Despite its age, Macbeth remains relevant in the 21st century.
Kathryn Hunter in The Tragedy of Macbeth, now playing in select ­theatres and streaming on Apple TV+ Jan. 14. COURTESY APPLE TV+/TNS

Since 1906, there have been at least 17 film and TV productions of Shakespeare’s ­Macbeth, each one featuring the greatest directors and actors of the time.

The fact that film director Joel Coen has delivered yet another film version of Macbeth reinforces the enduring relevance of Shakespeare’s themes and their place in our senior high-school classrooms, as those 16th-century themes continue to inform our understanding of the world of 2022.

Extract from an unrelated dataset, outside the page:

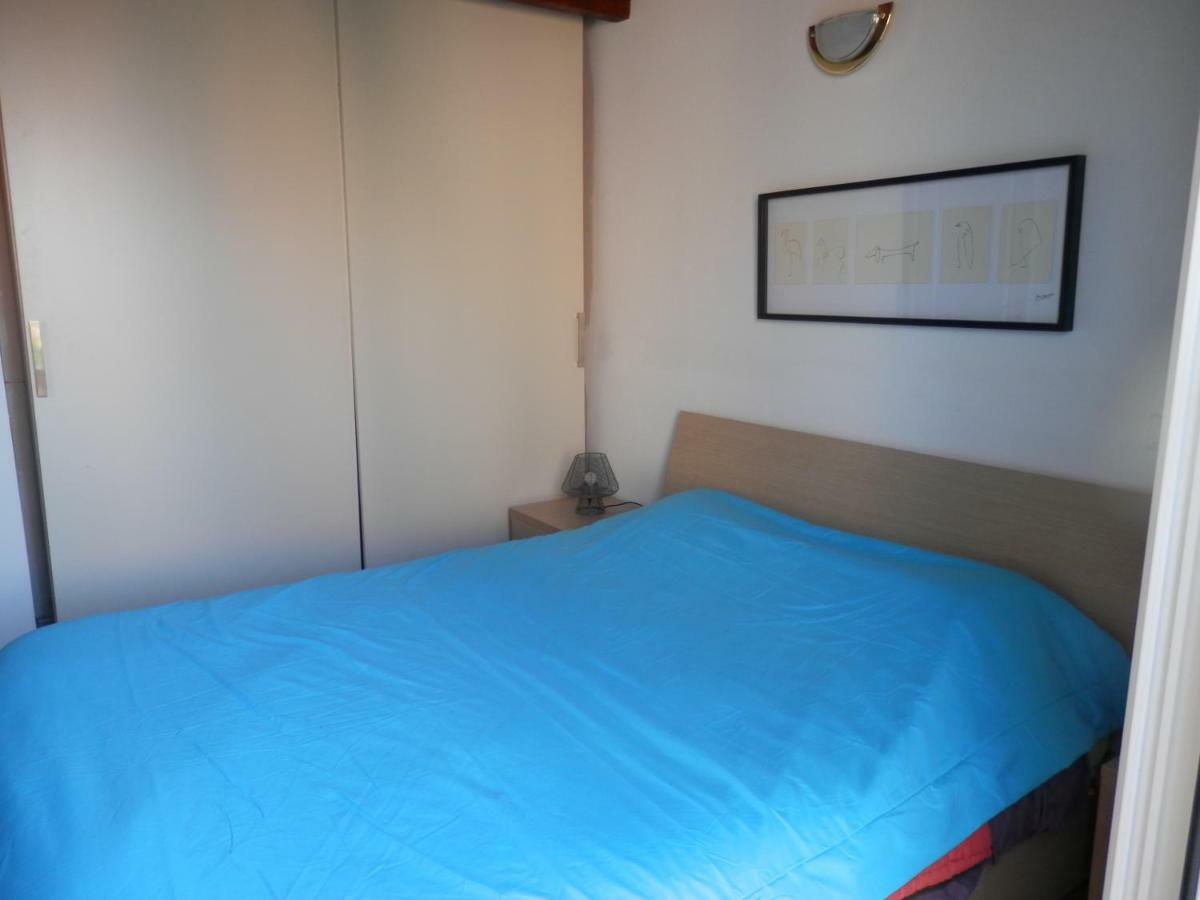 Residence Mare Turchinu Monticello Luaran gambar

It should be no surprise that Macbeth still resonates in 2022. After all, it is a ­version of a tale told so often about a ruthlessly ­ambitious man devoid of moral or ethical foundation who is not moved by the decency or integrity of those around him, and who gains the highest office in the land for no other reason than the power it brings against his perceived detractors and enemies.

The moral responsibilities of leadership are inevitably sacrificed on the altar of ­self-interest.

It is these themes that bring Macbeth’s relevance into the 21st century and the ­modern classroom.

Shakespeare’s enduring view of the world, with all its quirks and foibles, humour and tragedy, has always been more effectively represented by film than by words on a page. Macbeth is not a book but a script that needs to be interpreted through ­performance, and has always been a gift to imaginative film directors and actors.

Coen’s interpretation, described by one reviewer as “crowded with schemers seized by misguided ambitions,” will resonate with today’s CNN news-wise kids with its obvious and tempting 21st century political parallels.

Under the imaginative direction of Coen, Macbeth emerges in this latest iteration as a well-timed modern parable, starring Denzel Washington in the lead role, with Frances McDormand (from Coen’s Fargo) as ­Macbeth’s equally ambitious wife.

This version, like all the other film ­versions, raises important questions about how we teach Shakespeare in today’s heavily timetabled school day.

Shakespeare’s plays were written to be performed in their entirety at one sitting for an essentially non-literate audience of the 1600s, not read bit by bit in a high-school classroom with a shift to the next Math or Science class looming every 60 minutes, just when the plot becomes interesting. It is not an episodic play. It is a two to two-and-a-half-hour experience.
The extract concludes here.